No AI summary yet for this case.
Income Tax Appellate Tribunal, MUMBAI BENCH “B”, MUMBAI
Before: SHRI VIKAS AWASTHY & SHRI GAGAN GOYAL
Appellant by : Sh. Sunil G. Rohra / J.K. Chavan, AR Respondent by : Sh. Chetan M. Kacha, Sr.DR Date of hearing : 26/09/2022 Date of pronouncement : 23/12/2022 ORDER PER GAGAN GOYAL, A.M: This appeal by assessee is directed against the order of Commissioner of Income Tax (Appeals)-42, Mumbai [for short ‘CIT(A)’] passed under section 143(3) of the Income Tax Act, 1961 [for short ‘the Act’] vide order dated 12.08.2016 for Assessment Year (AY) 2013-14. The assessee has raised the following grounds of appeal:
4) On the facts and in the circumstances of the case & in law the learned Assessing Officer has erred in ignoring and the learned CIT(A) has erred in confirming the non consideration of form 26A u/r 31 ACB and the certificate of account in annexure A as provided u/s. 201(1) of the Act filed on record and in not holding that provisions of section 40 (a)(ia) as amended are applicable to the appellant on account of the trade discount and share of commission amounting to Rs 1022888/- allowed/paid to VAV Air conditioning by the appellant "
Brief facts of the case are that assessee originally filed the appeal before ITAT vide on 06-09-2019, the same was heard on 14.05.2019.
In ground of appeals raised by assessee, total 4 grounds were there out of those initial three grounds were duly adjudicated by the bench in favour of assessee. As the ground no.4 was left without adjudication, assessee filed MA to get decision on ground no.4 also. This MA of assessee allowed vides MA No. 506/Mum/2019 vide order dated 15-07-2022. The present appeal before us is limited to the extent of adjudication of ground no.4.
4. We have gone through the order of AO, order of Ld.CIT (A) and submissions of the assessee.
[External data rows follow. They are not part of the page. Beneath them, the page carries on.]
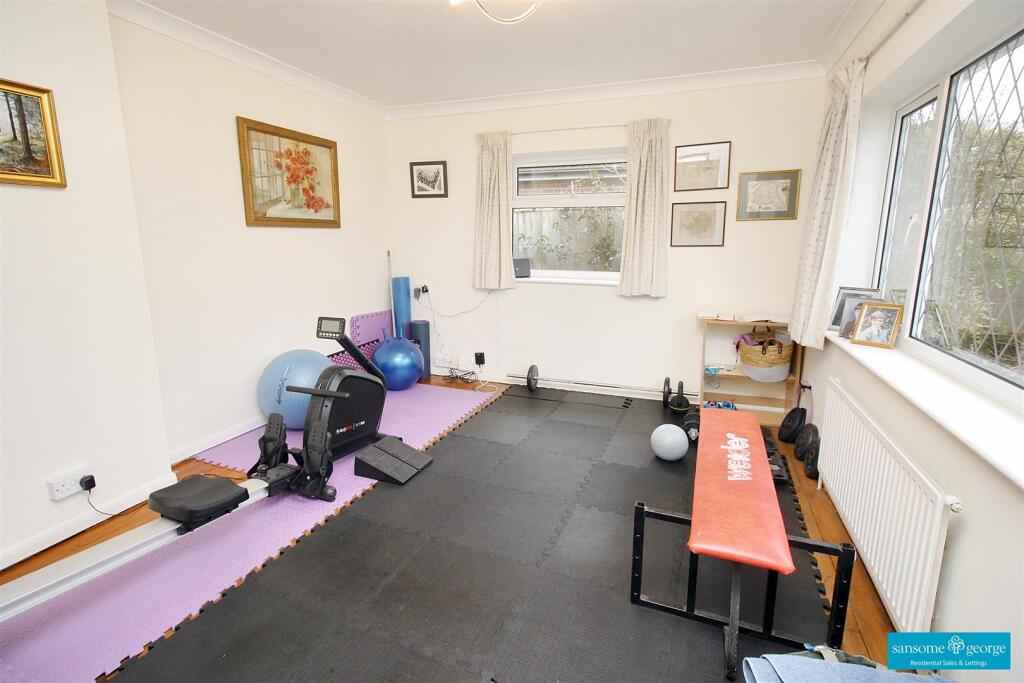 Bedroom 2/Gym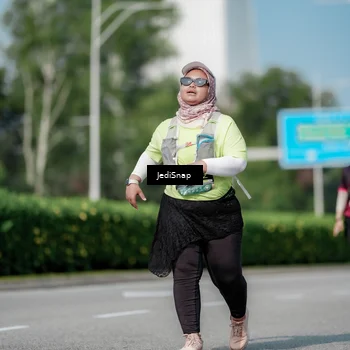 Runner Photo 6883472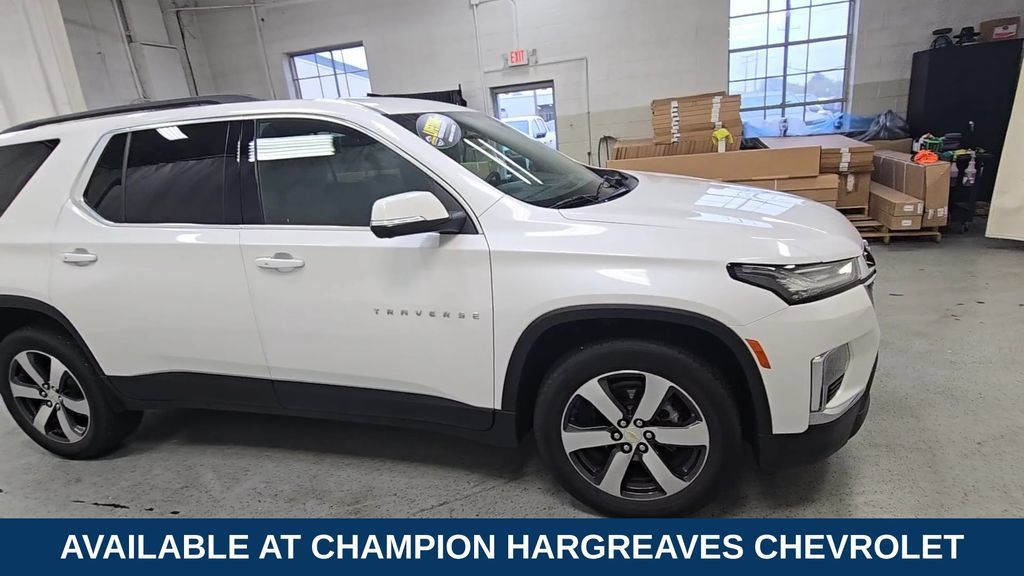 Certified 2023 Chevrolet Traverse LT w/ LT Premium Package AWD/4WD image 2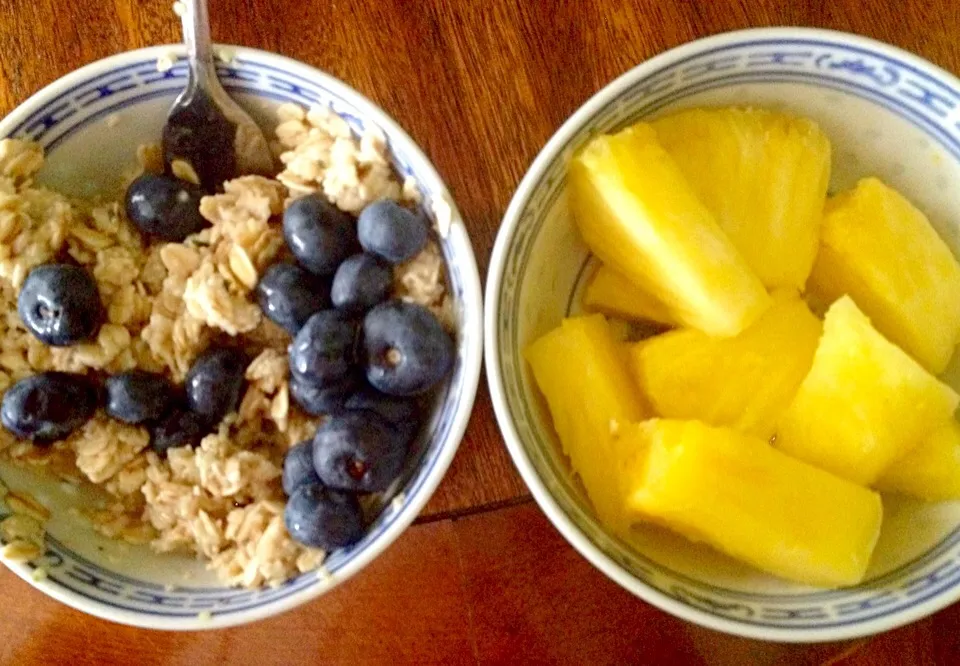 Raw oats with hemp hearts and blueberries with pineapple and key lime|Bri VanHeuvelさん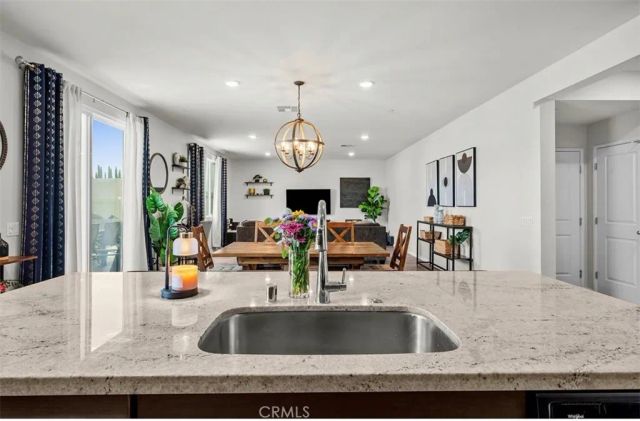 9689 Scioscia Street, Riverside, CA 92503
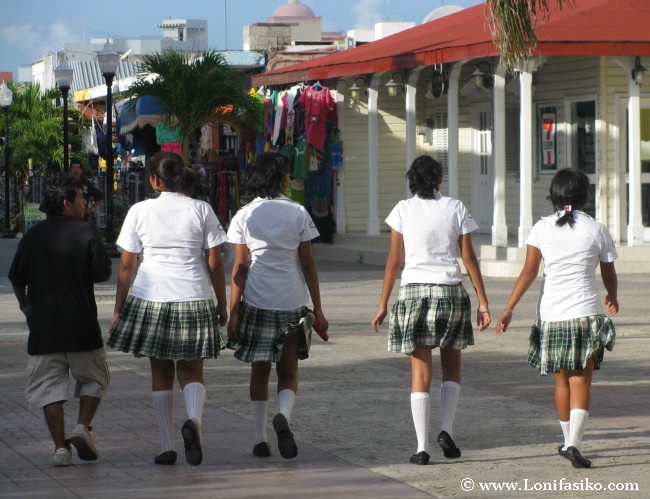 Escuela y vida diaria en Cozumel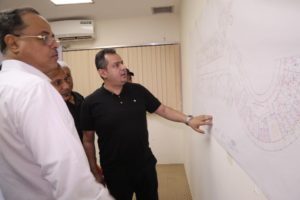 رئيس الحكومة يعد بعودة قناتي عدن واليمن قريبا من داخل العاصمة وناشطون يتساءلون عن موعد عوده وزير الاعلام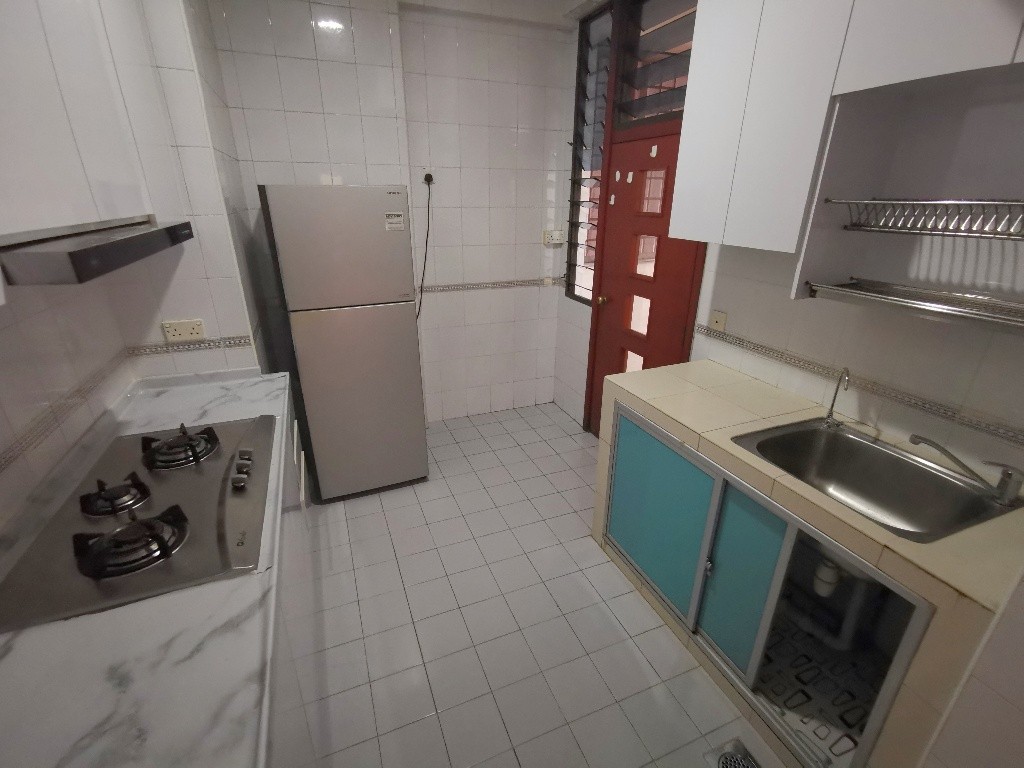 Room For rent/43 JURONG EAST AVENUE 1, PARC OASIS BLK HIBISCUS 60977 Road/commen /for 1pax/2pax Available Immediate  - Toa Payoh 大巴窑 - 整个住家 - Homates 新加坡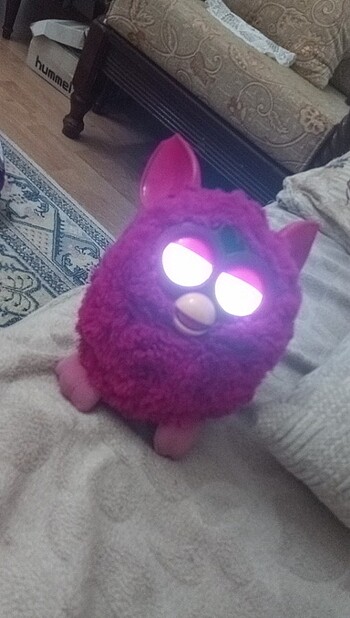 Pembe Furby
With reference to ground no.4 we observed that there was an amendment by Finance Act 2012 in sec 201(1A) by which first proviso has been inserted under the said section. Sec 40(a) (ia) was also amended and second proviso was inserted in the said section by Finance Act 2012. The cumulative effect of both the amendments is if the assessee had filed necessary declaration in form no. 26A and declaration in annexure. A, the concerned assessee who had not deducted TDS on the related payments will not be considered as assessee in default. In consequence to this the impact of sec 40(a) (ia) r.w. second proviso no disallowance can be made and expenditure of Rs.10, 22,888/- is to be allowed fully.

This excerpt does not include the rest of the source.